My wife and I attended a screening of Heart of Africa 2: Companions last night at the LDS Film Festival. It is, to some extent, a retelling of the story in the first Heart of Africa movie, but this time the story is told from the standpoint of the white American half of the service-missionary companionship, rather than from that of the black African missionary. Still, it depicts a culture and a missionary experience that could scarcely be more different from my own in German-speaking Switzerland. The film opens today (Friday) in several Utah theaters.
Here’s a blog entry that I posted last year about the first film of the pair:
I’ll be spending part of today (Friday) with a couple of people that we are interviewing for our docudrama, Undaunted: Witnesses of the Book of Mormon, which we’re currently preparing for release, we hope and intend, on or near the date of the premiere of the Witnesses theatrical film. (And please remember that that premiere has now been set for Friday, 4 June 2021.) Then, assuming that we’re done in time, I hope to attend a screening at the LDS Film Festival of the new documentary film Remembering Heaven, which, among other things, includes interviews with both Terryl Givens and . . . well, another, rather seedier, academic type who shall remain nameless so as not to blight the film’s prospects of success.
You can read an article about Remembering Heaven at this link.
And you can watch the trailer for the film here:
I have recently read Things Fall Apart, which was written in 1958 by the Nigerian novelist Chinua Achebe (1930-2013).
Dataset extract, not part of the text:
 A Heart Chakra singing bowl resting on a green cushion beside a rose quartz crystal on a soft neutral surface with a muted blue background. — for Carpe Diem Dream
I’ve owned a copy of it, and I’ve been meaning to read it, for a very long time. Finally, I did. And, like Heart of Africa, it gave me a glimpse of a world quite unlike my own and yet, in several ways, not so very different from mine. I really do believe that novels and short stories written from within a different culture — the stories of the late Egyptian writer Yusuf Idris (1927-1991) come to mind, for example, along with such works as the “Cairo Trilogy” and the novel Midaq Alley by the Egyptian Naguib Mahfouz (1911-2006), who won the 1988 Nobel Prize for literature — can supply readers with a much deeper understanding of that foreign culture, certainly a very different understanding, than can large volumes of sociology and anthropology.
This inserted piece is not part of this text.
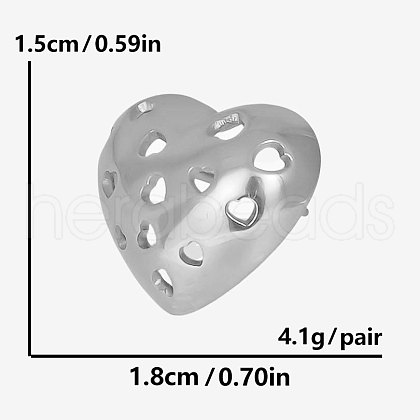 Stylish 303 Stainless Steel Hollow Heart Stud Earrings RP4390-1-1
One very shallow and superficial matter for which Things Fall Apart made me grateful is the variety of food that’s available to pampered modern Americans like myself. In just the past few days, I’ve had Mexican food and Thai food, a large variety of fruits and berries, milk and cheese, almond milk, a bit more chocolate than I should have, fish, chicken, beef, wheat and oats and bread, vegetable soups, and on and on and on. By contrast, for Achebe’s characters, living in a few small Igbo or Ibo villages under British colonial rule (at first so distant as to be unfelt and then, rather suddenly, very much not), it’s almost entirely yams — with the occasional bit of palm wine to wash them down. And I don’t even like yams.
But on to a trio of passages from Chinua Achebe’s novel that I marked in passing:
Behind them was the big and ancient silk-cotton tree which was sacred. Spirits of good children lived in that tree waiting to be born. On ordinary days young women who desired children came to sit under its shade. (46)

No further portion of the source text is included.